Depending on your taste for narrative logic, Nolan’s penchant for delineating dream states carries either a built-in advantage or a huge liability. If you don’t mind being tossed about in a state of high confusion for 2-1/2 hours, as dreams enfold within dreams and subconscious states are poised in an infinite limbo, then this is your dream movie.
I found myself more inclined to sympathize with Cobb’s notion that, in limbo states, hours can turn into years. After one too many dreams-within-dreams-within-dreams, I was feeling in limbo myself.
Which is not to say that “Inception” isn’t a compelling thrill ride. It’s just not much of a fun ride. Nolan, best known for his “Batman” movies and the time-shifty “Memento,” is very big on noir. For him, black is beautiful – i.e., horrible. When Cobb starts hunting dream worlds, he never encounters anything transcendent inside anybody’s noggin. The darkness of this movie, as was also the case with Nolan’s “Dark Knight,” is magisterially oppressive.
Cobb’s situation, despite its newfangled presentation, is fairly conventional, even sappy. Once upon a time he became a fugitive from America for supposedly causing the death of his wife, Mal (Marion Cotillard, who, coming after Michael Mann’s “Public Enemies,” is Hollywood’s designated noir vamp). Mal keeps invading his dreams, or the dreams he concocts within other’s dreams-within-dreams, or their dreams within his dreams, or – oh, forget it. Anyway, she’s up to no good, even though, technically, she’s dead, or in limbo, or something.
The point is, man-with-a-past Cobb is still in love with her. She is, literally, the woman of his dreams. His enraptured state is scaled big, Wagnerian big, but neither he nor Mal can quite fill out the ardor. That’s because Nolan, ultimately, is a head guy and not a heart guy. He’s all about architecture. Everything in this movie issues from the heavy doominess of its look.
Things lighten up ever so slightly when Cobb, hired by a Japanese tycoon (Ken Watanabe) to do some heavy-duty extraction – excuse me, inception – on a corporate heir (Cillian Murphy), assembles his A-Team of fellow dream foragers, including Ellen Page’s Ariadne, master forger Eames (Tom Hardy) and sidekick-researcher Arthur (Joseph Gordon-Levitt).
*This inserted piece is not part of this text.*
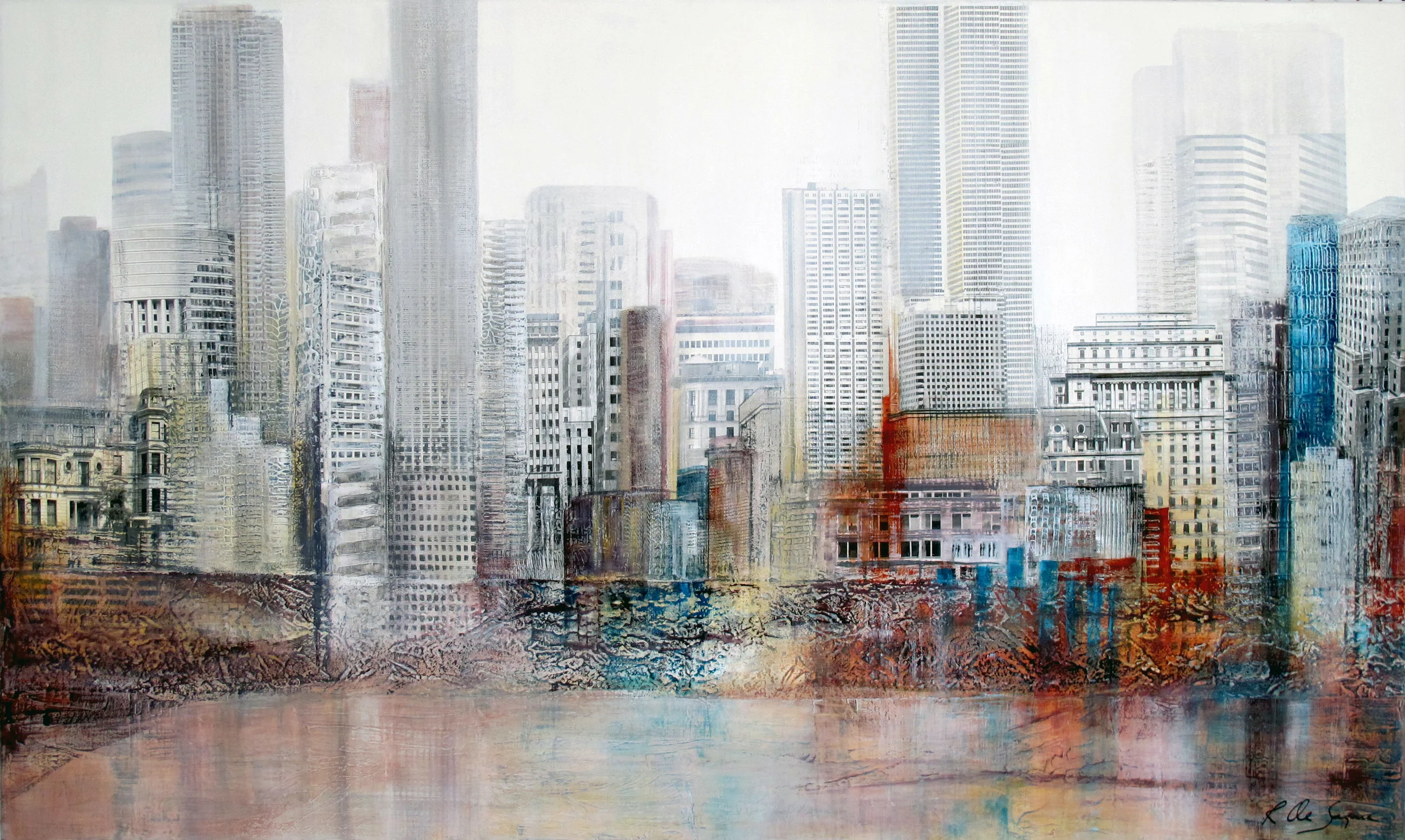 Mirages urbains - 27  (Vendu/Sold)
But even here, Cobb too often spoils the party by offering up such deep-think pronouncements as “we only use a fraction of our brain’s true potential.” I cite this line, which is typical – not to mention unoriginal and probably untrue – because many people are going to be conned into thinking “Inception” is some sort of high-I.Q. whirligig just because it’s festooned with Möbius strips and M.C. Escher stairs and everybody in it seems to understand what’s going on even if you don’t. (The biggest, the only, laugh line at my screening came at a particularly confusing time when Ariadne suddenly asks, “Whose subconscious did we just go into?”)
For movie buffs, the only real fun to be had at “Inception” could be toting up the lifts from other movies, including Cocteau’s “Blood of a Poet” and “The Matrix” series and just about anything by Kubrick. (One movie not referenced is Joseph Ruben’s terrific “Dreamscape,” from 1984, which had a lot more fun with some of the same concepts.) Nolan, like Cobb, is an assiduous extractor, and he knows how to wow audiences. But scaling big and thinking big are not the same thing. And dark, just because it’s dark, isn’t more artistic than light.
It’s artier, though. Grade: B (Rated PG-13 for sequences of violence and action throughout.)